While the online video channel continues to grow, with record numbers of people viewing video content online, TV still takes the lion's share of advertising spend and, despite proponents of the "TV is dying" camp, is growing faster than the overall ad spend.
This might seem counterintuitive, where the promise of better targetability, engagement, and measurability make online look like the more attractive investment: So why has video advertising on the web failed to grow at more rapid pace? Let's walk through some of the obstacles that online video presents... and explore possible solutions to help break through these barriers.
Online video is the new must-have feature for web content publishers. Today, it's a quick and easy way to augment the audience's experience. There's also the allure of new opportunities for monetization through advertising. But hyper-fragmented viewership presents an obstacle for buyers that require an efficient means to achieve reach and scale: The explosion of video content online is split across tens of thousands of sites.
Through remassification utilizing online video networks, it can and does deliver the big numbers, but there are still kinks to be ironed out surrounding things like transparency, player compatibility issues, and placement controls. It's also still fairly cumbersome to deploy on a site-by-site basis.

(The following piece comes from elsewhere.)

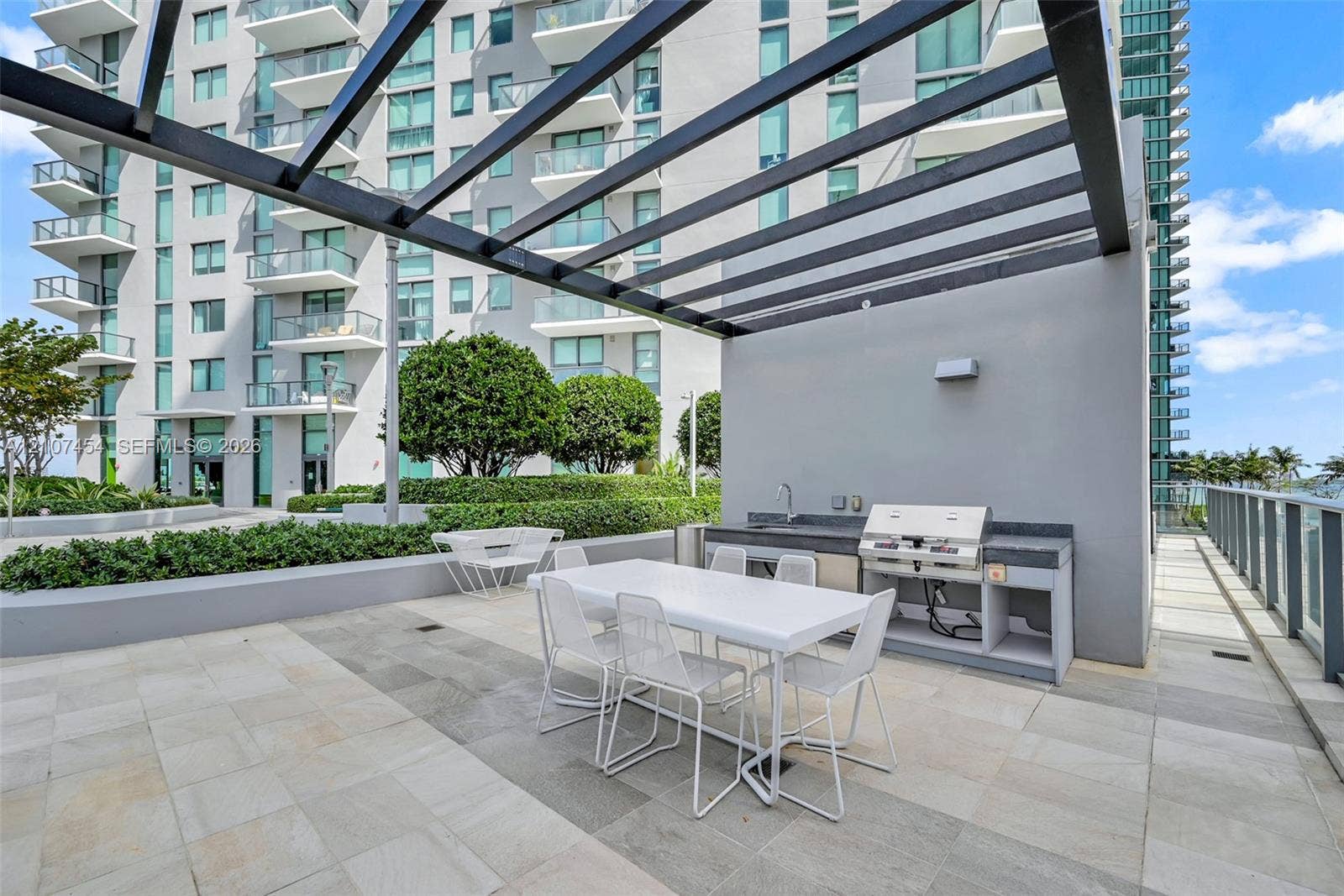 501 NE 31st Street, #1906, Miami, FL 33137 Outdoor patio featuring stone-tile flooring, a metal pergola, and a built-in kitchen station with a sink and grill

Digital veterans have made peace with this, but traditional TV media buyers still find the whole web proposition ridiculously complex. One advantage fragmentation offers is the opportunity to reach highly defined audiences on their terms, with messaging unique to their interests. But fully capitalizing on this will require marketers to develop a deeper understanding of the various channels and technologies available and how they can be used to best serve different marketing agendas. In time, continuously rising viewership will justify the effort, but not before a critical mass has been reached.
On demand vs. scheduled
The traditional and online video models are fundamentally different. Online video consumption occurs largely on demand, which means advertisers can't know exactly when and where their messages will be viewed. This presents a scary proposition for many marketers who find the same controls they have over placement on broadcast and cable TV don't translate perfectly online. Successful adoption of the video channel online requires a fundamental rethinking of how advertising is distributed.
But, the user-controlled nature of the web offers a key value add that TV cannot match, and that's earned media from real-time socialized sharing and other forms of passalong, like email, texting, blogging, etc. By investing effort into the attribution of value to digital metrics like interactions and passalongs, marketers will be better poised to treat online video in its own right, rather than as a proxy for television.
There is no standardized online equivalent to the GRPs and TRPs widely used in offline video buying. A majority of advertisers think that video ads online should be measured in GRPs exactly equivalent to TV GRPs. This is understandable: As a planning tool, GRPs offer some consistency across the media mix. But, on the fragmented and 100-percent-on-demand internet, the concepts of reach and frequency on which GRPs depend become a lot more elusive than on TV where everything is orderly scheduled.
Paradoxically, the internet offers a stronger proposition in terms of performance measurement after the event, with measures impossible on TV, such as completion and drop-out rates, engagement times, etc.
So is the GRP the right yardstick for online video?
Although the subject is not new and there have been attempts at developing a made for web GRP, we are still far from establishing GRPs as a measurement norm for online. Part of the problem is how fundamentally different online video is from TV. Online does not conform to a static broadcast model, where viewers tune in at scheduled times. Online, the user is in complete control of what, when and where they consume content. In this world the notion of a reach- and frequency-based measurement pre and post view seems incompatible by comparison. But still, this is how the vast majority of budgets are assigned... budgets that continue to grow despite rise in viewership online.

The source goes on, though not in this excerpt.